Activity: Everything in the listing should be set down exactly, apart from the pictures.

-- Opening Marker --

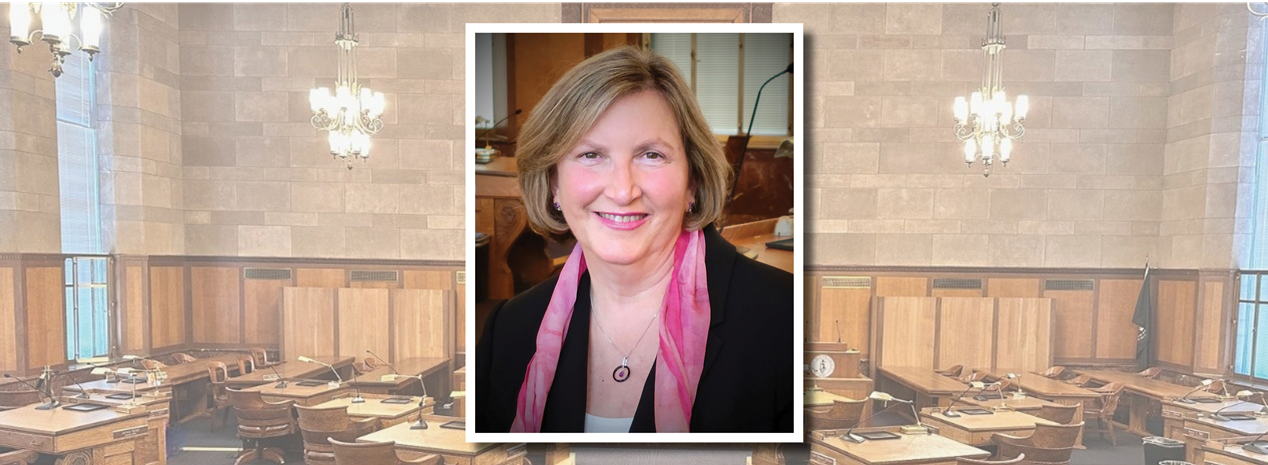 photo of Legislator Nancy Barr with chamber in the background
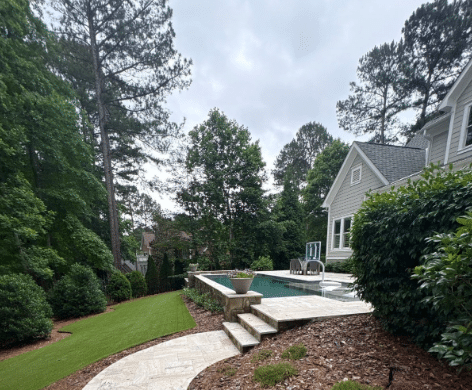 Stone steps lead to a backyard pool beside a gray house, surrounded by trees, shrubs, and landscaping under an overcast sky.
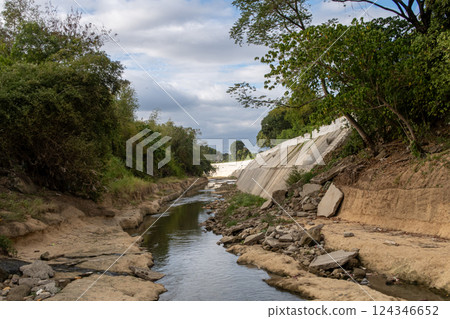 The riverbank of Ylang Ylang River in Cavite, Philippines at a low water level The riverbank of Ylang Ylang River in Cavite, Philippines at a low water level 124346652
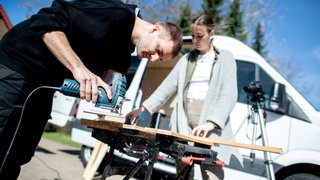 Junges Paar arbeitet mit Werkzeug am Ausbau eines Campers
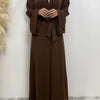 Eine Frau trägt ein fließendes, offenes braunes Abaya-Kaftan mit einem weißen Untergewand.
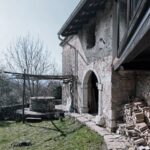 Exteriér s kamennou klenbou, historickou studňou, šedou omietkou a kovovým odkvapovým systémom.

-- Closing Marker --

Output of the exercise:
 photo of Legislator Nancy Barr with chamber in the background
 Stone steps lead to a backyard pool beside a gray house, surrounded by trees, shrubs, and landscaping under an overcast sky.
 The riverbank of Ylang Ylang River in Cavite, Philippines at a low water level The riverbank of Ylang Ylang River in Cavite, Philippines at a low water level 124346652
 Junges Paar arbeitet mit Werkzeug am Ausbau eines Campers
 Eine Frau trägt ein fließendes, offenes braunes Abaya-Kaftan mit einem weißen Untergewand.
 Exteriér s kamennou klenbou, historickou studňou, šedou omietkou a kovovým odkvapovým systémom.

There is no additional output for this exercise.